What brats! I am tired and hungry and the restaurant is crowded and loud. The kids sitting closest to me are loud and rude, flipping straws at each other and whining about getting hit by straws. They bug the waitress for a refill every time she passes by and then complain that it takes too long and doesn’t taste right. Brats.
What makes it worse is that the brats are at my table because, sigh, these bratty teens are my children.
Abraham Lincoln is reputed to have said that, by 40, you have the face you deserve. As much as I hate to admit it, I likely have the brats, er, children I deserve.
Instead of continuing to feel my blood pressure rise, I make peace with the facts as they stand today and, instead of reacting, I decide to simply observe.
We, as a family, lived under an oppressive rule for a good long time. The break up (break out) could have been handled more gracefully. What came next was a bloody war and a long period of suffering as we began to build an identity and claim our places in the world.
Part of that process involved — required maybe — developing an attitude.
Insecurities, I’ve found, are sometimes prettier when shellacked by a healthy coat of bravado.
As we began to find our way, we became arrogant. Had to. If we weren’t worth saving, what was the point of all the trouble?
We have come out of the war and are rebuilding. Our independence was won through struggle and strife, but we were sustained through it all by our firm ideology — an unwavering belief that what we are is pretty freaking awesome.
Once we had gained our independence, we almost destroyed what we had won through fighting among ourselves.
There is a ceasefire now but sometimes shots still ring out.
Abraham Lincoln himself couldn’t put us back together completely, but we do manage to coexist and are, at the end of the day, in this together.

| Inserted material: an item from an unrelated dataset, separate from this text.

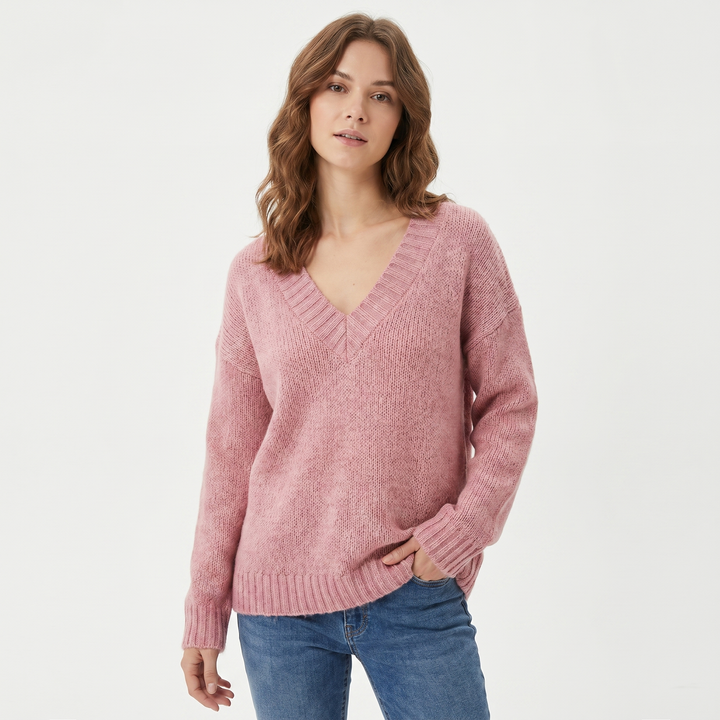 Women's V Neck Oversized Knit Sweater Longline Relaxed Fit Soft Wool Blend Pullover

Having said that, I pity the fool who threatens us as a group. We will fight to the death for each other when threatened.
An unexpected thing can happen when young ones have had to struggle to be free.
Once the smoke clears and the dust settles, there is a sort-of sunburn from the spotlight. It’s hard to just be men among men. To not hold a mistaken belief that you are somehow more special than others when, in fact, you are not.
Just a young country in a crowded and loud world.
In a world increasingly tired and increasingly hungry and increasingly less patient with brats.
Just some young kids in a crowded and loud restaurant, being brats. Too loud and obnoxious. Throwing things and wasting food and demanding more than their share.
Kids who have been allowed to bluster and boss because of what they’ve been through and because, sure, they are pretty freaking awesome.
Just some young kids who need to sit up straight and put their napkins in their laps and grow-up-already and behave!
There is a temptation to yell at them or yank them out of there and send the to bed with no dinner.
After a good while of watching them act out, I make a quiet decision to instead just not invite them to the table for a while.
Until they grow up a bit.
And stop being brats.
My kids and my country, brats all around. Still, loved.